Fri, 02 Jun 2023

The Department of Justice (DoJ) today published Research and Statistical Bulletin 'Experience of Crime and Perceptions of Crime and Policing and Justice: Findings from the 2021/22 Northern Ireland Safe Community Telephone Survey' (NISCTS).

An Official Statistics publication, the bulletin focuses on key modules contained within the NISCTS relating to:

  • experience of crime.
  • perceptions of crime.
  • perceptions of policing and justice.

Key Findings

  • Results from the 2021/22 NISCTS indicate that most adults/households did not experience a crime asked about in the survey. Latest findings estimate that 3.8% were victims of at least one crime measured through the survey during the 12 months prior to interview, on a par with the 2020/21 rate of 3.9%. An estimated 60,000 incidents of crime occurred during the 12-month recall periods for NISCTS 2021/22.
  • Respondents from 2021/22 were again more positive in their perception of crime trends in their local area than at the regional level. A quarter, 25%, believed local crime levels had increased in the preceding two years compared with 57% considering crime in Northern Ireland as a whole to have risen.
  • Findings indicate that 7% of participants perceived the level of anti-social behaviour in their local area to be high, similar to the 2020/21 figure of 6%. Rubbish or litter lying around (31%) and people using or dealing drugs (26%) were again most commonly identified as problems in the local area.
  • One-in-ten (10%) respondents expressed a high level of worry about violent crime with a similar proportion, 8%, very worried about becoming a victim of burglary. Of vehicle owners, 6% were very worried about becoming a victim of car crime. None of these three indicators showed a statistically significant change from the previous year.
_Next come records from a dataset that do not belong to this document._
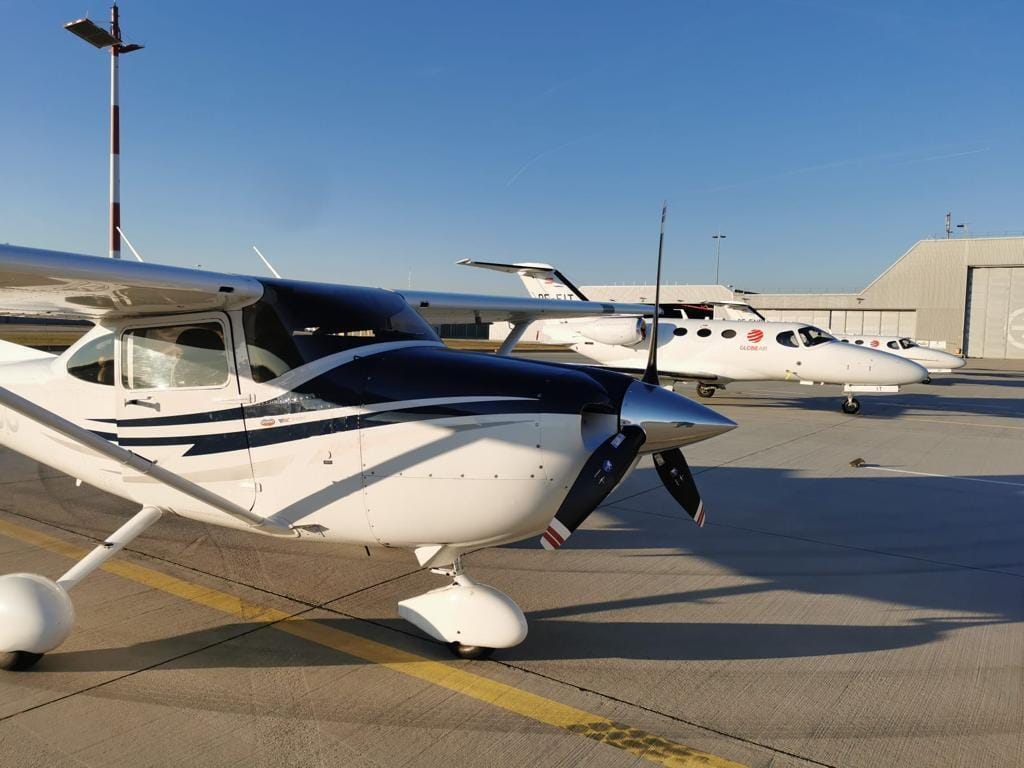 Cessna 182T Skylane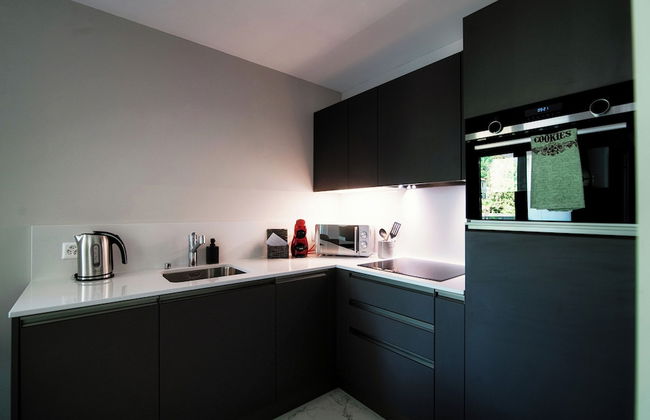 Locarno Studio Apartments - Photo 27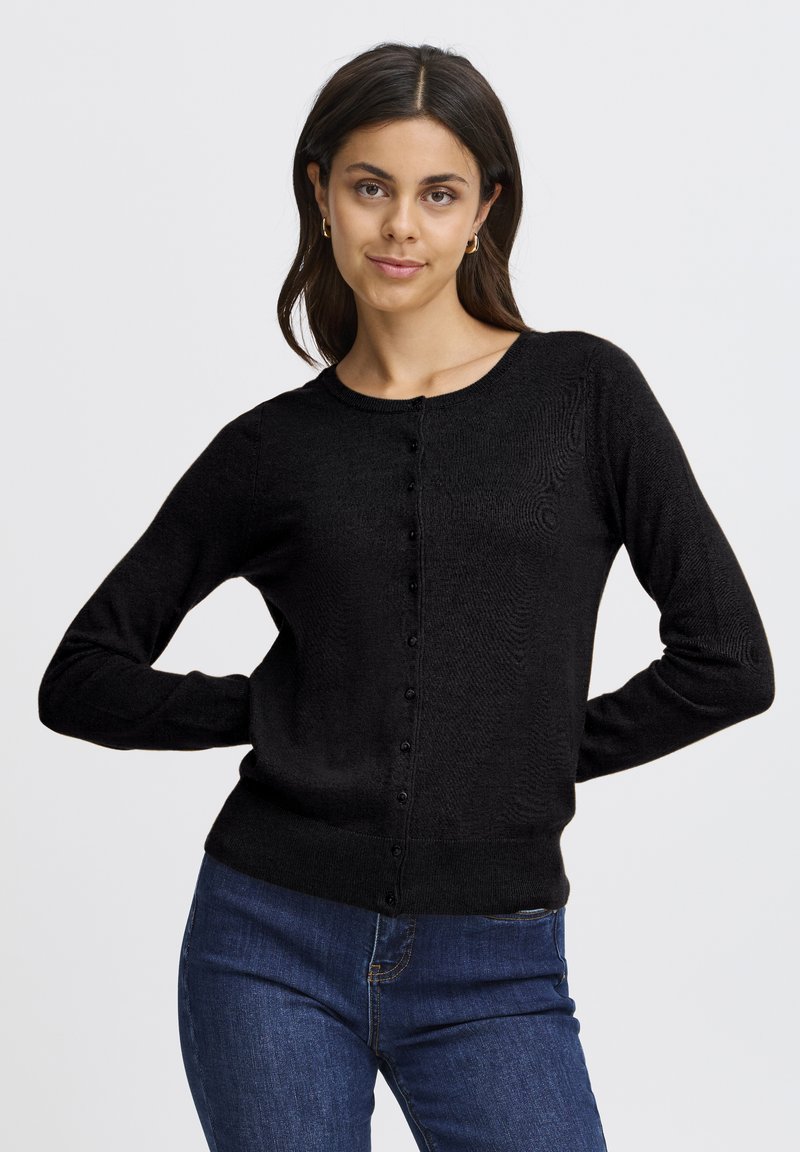 Cardigan negru tricotat, cu decolteu rotund, mâneci lungi și închidere cu nasturi pe față. Textură netedă cu un model subtil.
At 73%, the majority of 2021/22 respondents felt fear of crime has a minimal effect on their quality of life, unchanged from 2020/21, also 73%.
  • Overall public confidence in the police and police accountability arrangements (based on a seven-strand composite measure) was 82% in 2021/22, down from 86% in 2020/21. Six of the seven indicators that comprise the composite measure showed a statistically significant decrease over the same period.
  • In terms of the local police, findings suggest that, in 2021/22, 55% rated their local police as doing an excellent or good job, a decrease from 62% in 2020/21. When asked about overall confidence in their local police, the proportion of respondents who stated that, when taking everything into account, they had confidence in the police in their area, fell from 75% to 72%.
  • With regards to community engagement, a decrease was also observed in the proportion agreeing that the police and other agencies 'seek people's views about the anti-social behaviour (ASB) and crime issues that matter', which fell from 42% to 38% between 2020/21 and 2021/22; the proportion of 2021/22 respondents agreeing these issues are being dealt with (47%) showed no statistically significant change from last year (50%).
  • When asked about the criminal justice system (CJS), the proportion of respondents who were very or fairly confident that the CJS as a whole in Northern Ireland is effective was 64%, on a par with the 2020/21 rating of 67%. The proportion confident that the CJS as a whole is fair, however, fell between the two survey years, showing a statistically significant decrease from 73% to 66%.